**Material provided:**
************
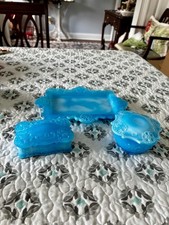 Vintage Blue Opalescent Slag Glass Vanity Set Milk Glass picture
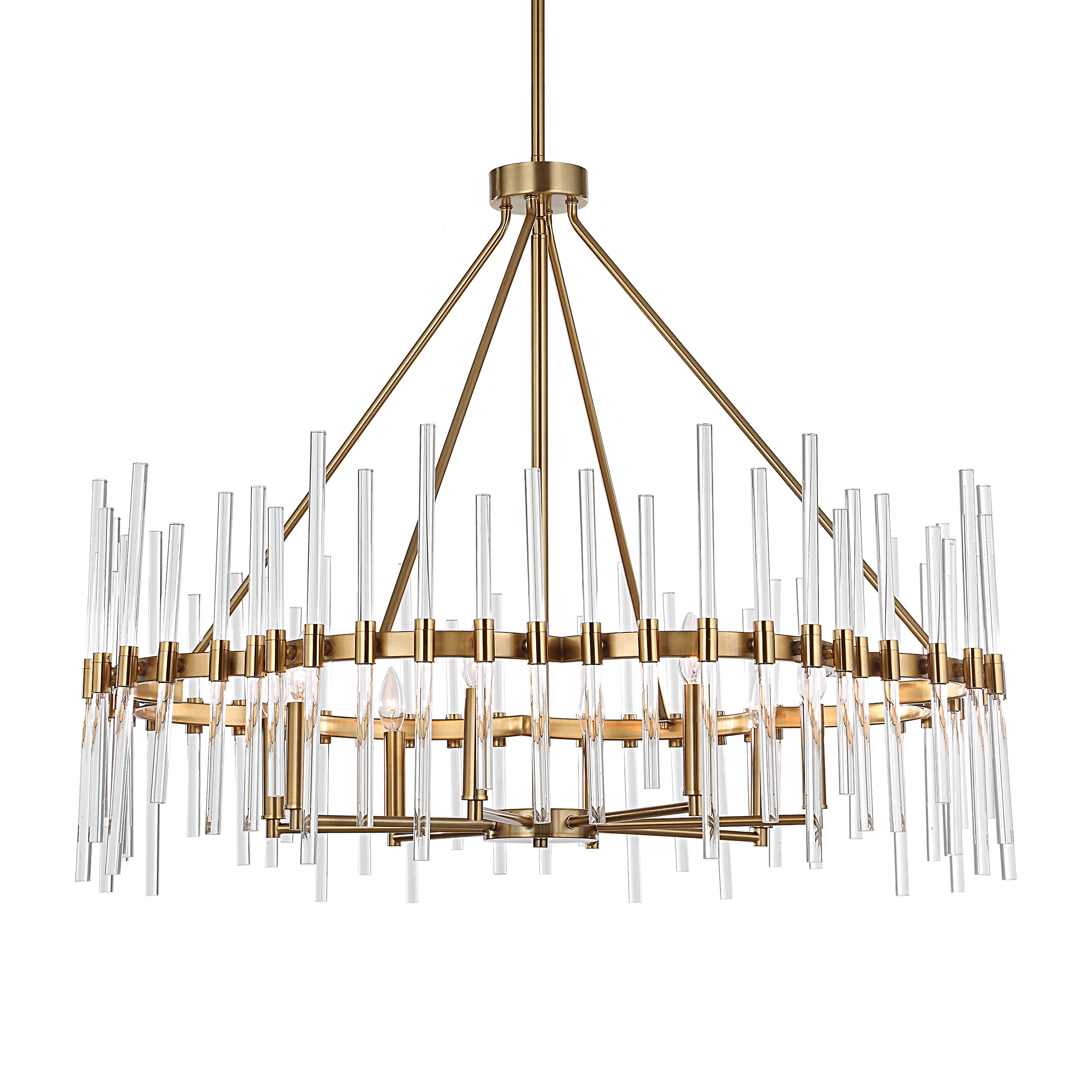 Crystal Stick 8 Light Brass Chandelier
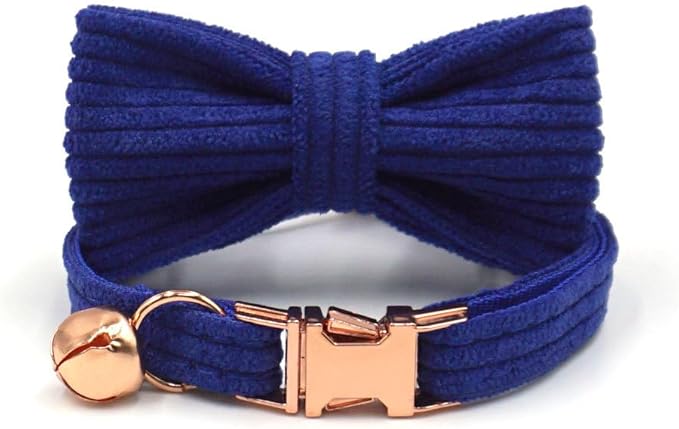 Cute Custom Cat Collar with Bells & Name Tag, Personalized Cat Collars for Girl & Boy Cats, Kitten Collar with Bell (Royal Blue-Striped)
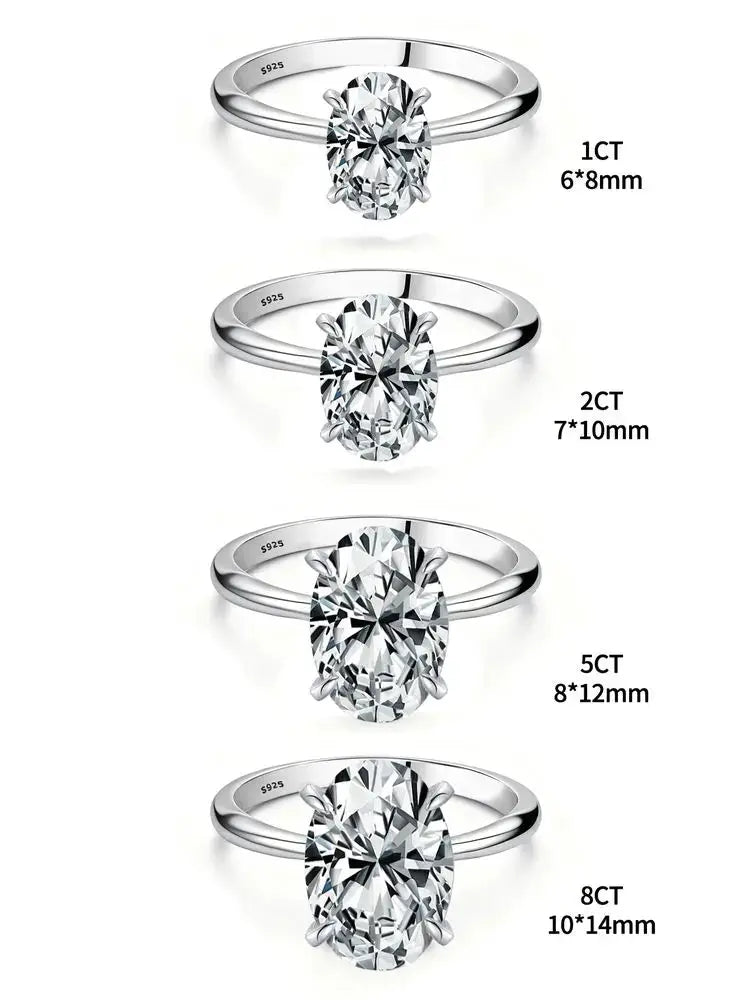 925 Sterling Silver Zircon Engagement Ring And Wedding Band For Women 1 To 8Ct Promise Eternity Ring Fine Jewelry Gift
************
**Exercise:** All that belongs in the answer is the exact run of lines from the line containing "Cute Custom Cat" to the end of the listing above, pictures removed.

**Answer box:**
 Cute Custom Cat Collar with Bells & Name Tag, Personalized Cat Collars for Girl & Boy Cats, Kitten Collar with Bell (Royal Blue-Striped)
 925 Sterling Silver Zircon Engagement Ring And Wedding Band For Women 1 To 8Ct Promise Eternity Ring Fine Jewelry Gift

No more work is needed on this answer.